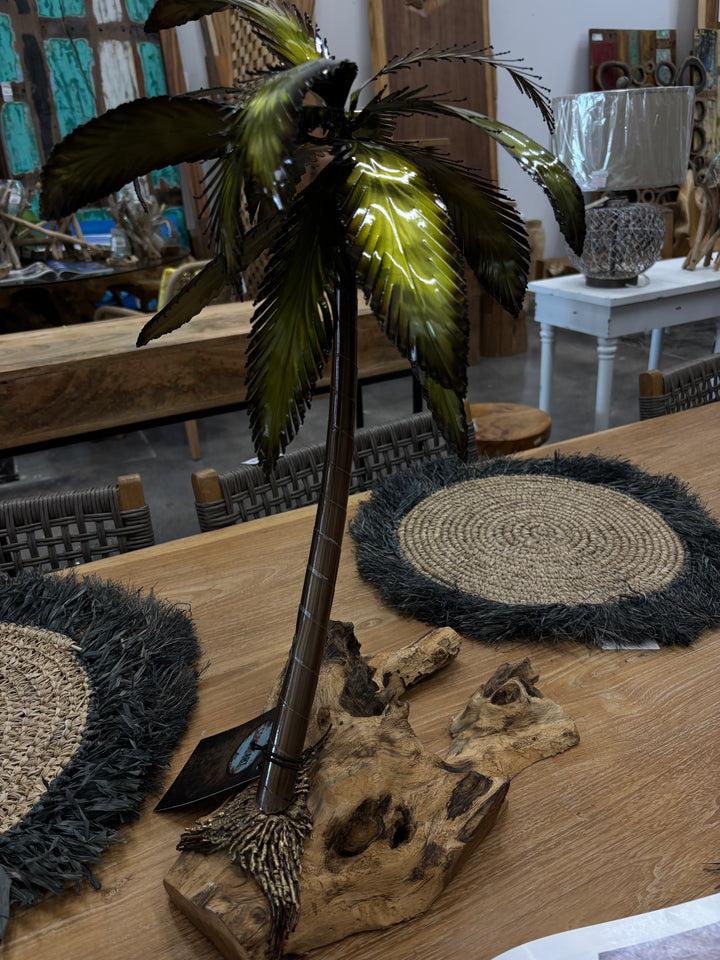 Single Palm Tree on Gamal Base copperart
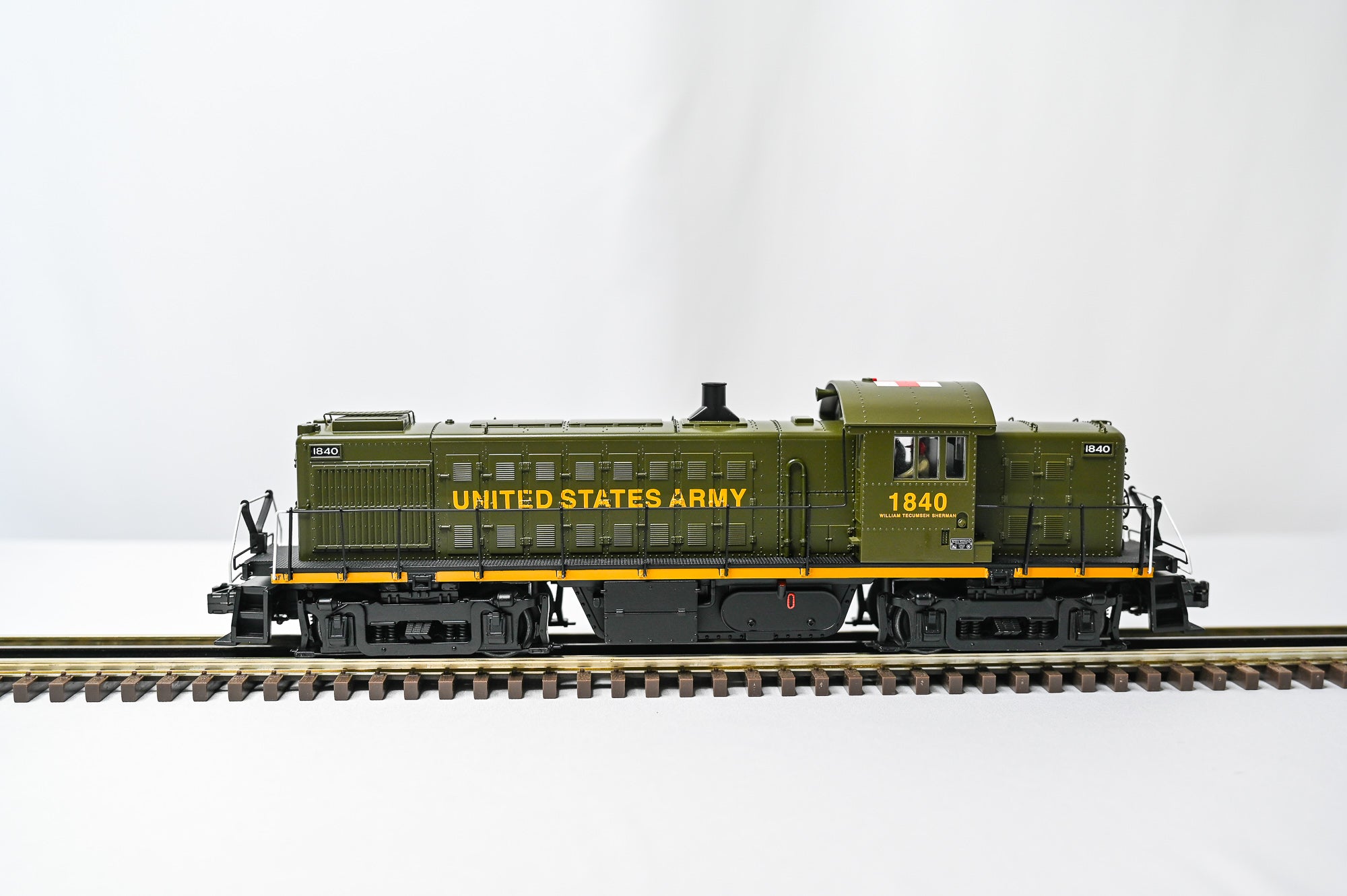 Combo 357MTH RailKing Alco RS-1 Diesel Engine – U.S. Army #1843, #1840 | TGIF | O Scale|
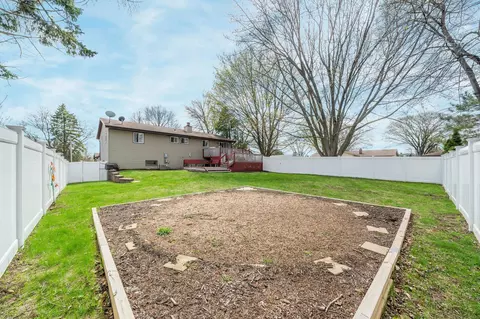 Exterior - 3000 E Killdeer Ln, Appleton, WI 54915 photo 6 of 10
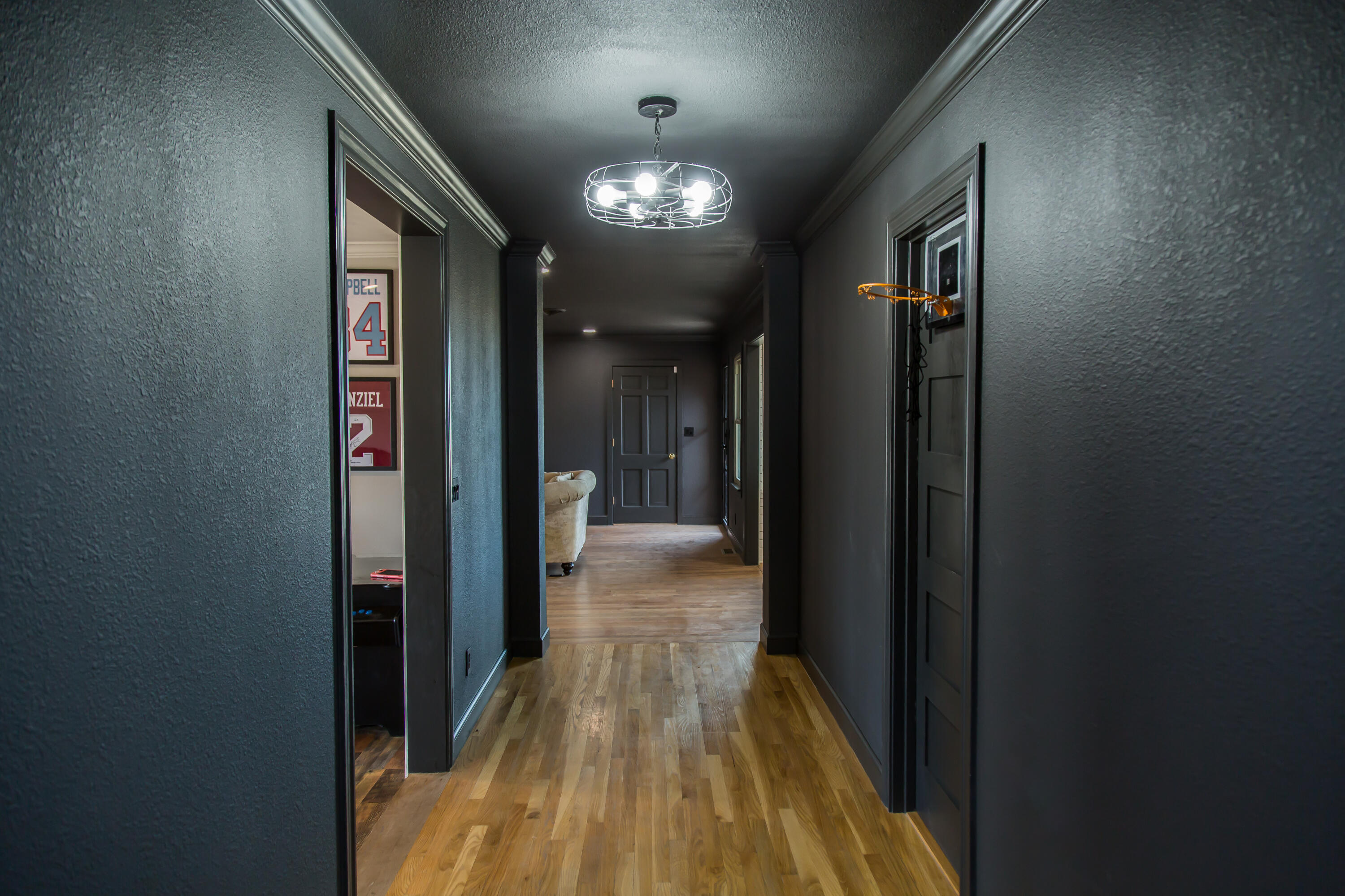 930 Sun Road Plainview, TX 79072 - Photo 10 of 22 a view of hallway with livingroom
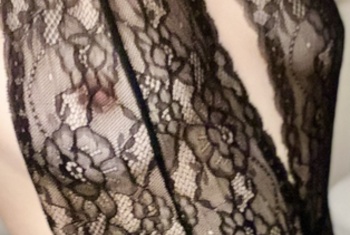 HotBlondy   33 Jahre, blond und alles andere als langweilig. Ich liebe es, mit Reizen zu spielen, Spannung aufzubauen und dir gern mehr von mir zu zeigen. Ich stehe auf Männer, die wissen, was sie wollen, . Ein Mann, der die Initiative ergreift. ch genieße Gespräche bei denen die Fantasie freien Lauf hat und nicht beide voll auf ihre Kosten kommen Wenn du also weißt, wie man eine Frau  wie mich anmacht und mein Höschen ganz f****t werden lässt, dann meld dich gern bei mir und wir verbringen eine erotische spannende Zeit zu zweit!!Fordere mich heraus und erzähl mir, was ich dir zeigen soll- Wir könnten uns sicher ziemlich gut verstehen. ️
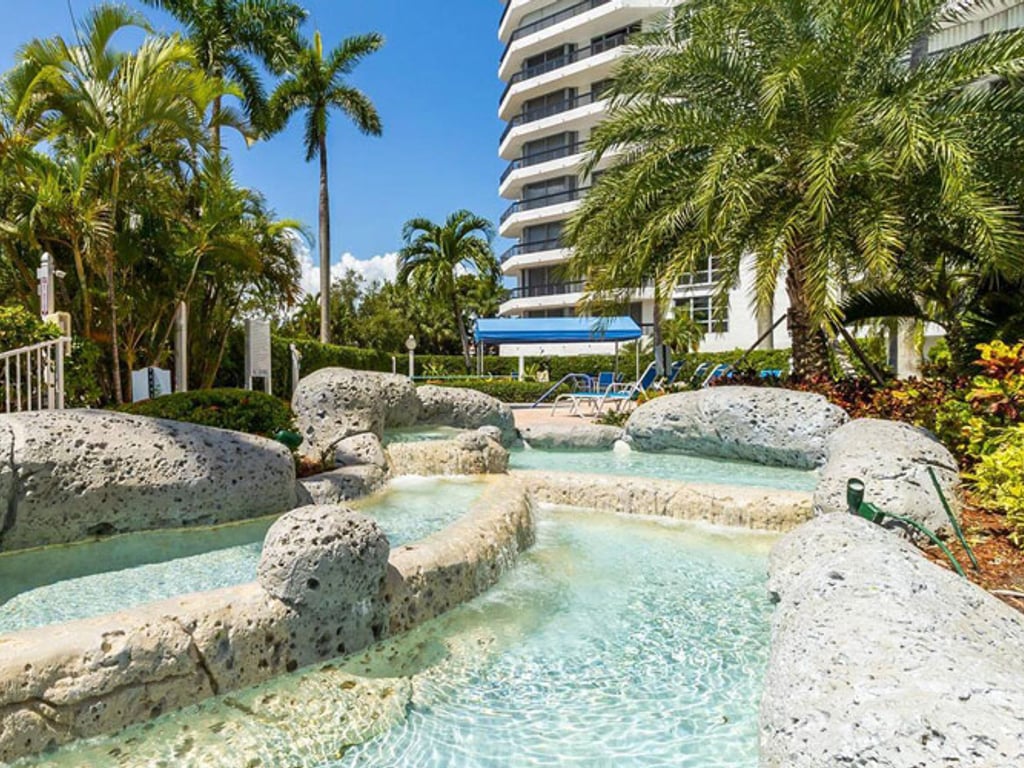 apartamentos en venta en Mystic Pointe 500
------------
→ Problem requirements
Exact repeat, pictures omitted: give every line from the top of the records down to and including the line with "gut verstehen. ️".

→ Your solution
 Single Palm Tree on Gamal Base copperart
 Combo 357MTH RailKing Alco RS-1 Diesel Engine – U.S. Army #1843, #1840 | TGIF | O Scale|
 Exterior - 3000 E Killdeer Ln, Appleton, WI 54915 photo 6 of 10
 930 Sun Road Plainview, TX 79072 - Photo 10 of 22 a view of hallway with livingroom
 HotBlondy   33 Jahre, blond und alles andere als langweilig. Ich liebe es, mit Reizen zu spielen, Spannung aufzubauen und dir gern mehr von mir zu zeigen. Ich stehe auf Männer, die wissen, was sie wollen, . Ein Mann, der die Initiative ergreift. ch genieße Gespräche bei denen die Fantasie freien Lauf hat und nicht beide voll auf ihre Kosten kommen Wenn du also weißt, wie man eine Frau  wie mich anmacht und mein Höschen ganz f****t werden lässt, dann meld dich gern bei mir und wir verbringen eine erotische spannende Zeit zu zweit!!Fordere mich heraus und erzähl mir, was ich dir zeigen soll- Wir könnten uns sicher ziemlich gut verstehen. ️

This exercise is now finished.